Sebaliknya, bertengkar mengenai hal-hal yang sepele, lekas kehilangan kesabaran, merasa sedih karena kekecewaan-kekecewaan kecil, menjadi marah karena terhina sedikit saja, cemas karena lapar, haus, dan kurang tidur, hal-hal tersebut bukan sifat khas seorang sādhaka. Beras tidaklah sama dengan nasi. Beras yang keras menjadi lunak setelah dimasak. Sejumlah orang seperti beras yang telah matang, bersifat lembut, manis menyenangkan, dan tidak berbahaya. Lainnya yang mentah, keras, angkuh, dan penuh kekaburan batin. Sudah jelas kedua jenis ini adalah manusia yang berjiwa. Mereka yang tenggelam dalam khayal lahiriah dan kebodohan sifat-sifat duniawi adalah ‘orang biasa’; sedangkan mereka yang tenggelam dalam khayal batin atau hasrat untuk memperoleh pengetahuan yang sejati adalah sādhaka. Tuhan tidak tenggelam dalam kedua hal itu. Tuhan tidak memiliki khayal apa pun juga. Orang yang tidak terpengaruh oleh khayal lahiriah adalah sādhaka; bila khayal batin pun sudah tidak dimilikinya lagi, ia dapat disebut sebagai Tuhan, karena hatinya menjadi tempat Tuhan bersemayam.
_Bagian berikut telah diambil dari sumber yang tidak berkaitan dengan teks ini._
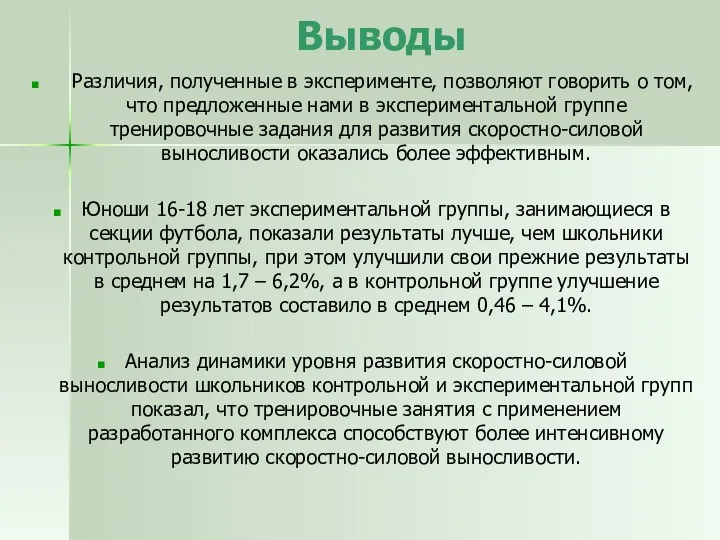 Выводы Различия, полученные в эксперименте, позволяют говорить о том, что предложенные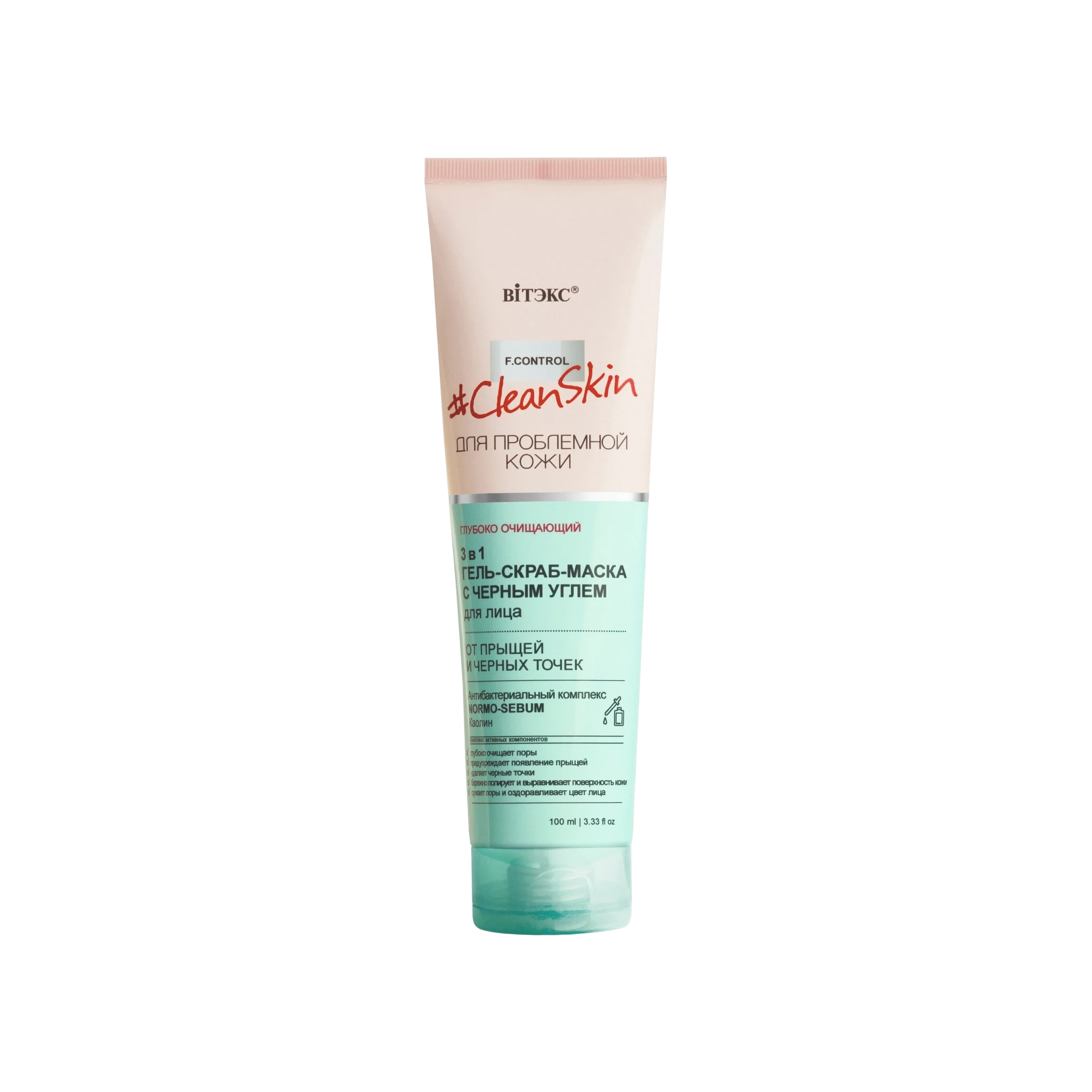 Средство 3в1 от прыщей черных точек с черным углем Clean Skin купить в VISAGEHALL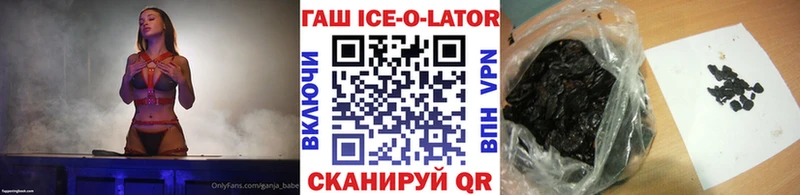 Гашиш гарик  Углич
Karena itu, engkau dapat menyimpulkan bahwa segala sesuatu diliputi oleh Tuhan. Walaupun Tuhan berada dalam setiap hati, latihan spiritual tetap penting agar engkau dapat menghayati sendiri kebenarannya bukan? Bukankah engkau tidak dapat melihat wajahmu sendiri? Engkau harus mempunyai cermin untuk memperlihatkan bayangan wajahmu. Demikian pula engkau harus mempunyai suatu jalan utama, suatu metode sādhanā untuk membebaskan dirimu dari segala sifat.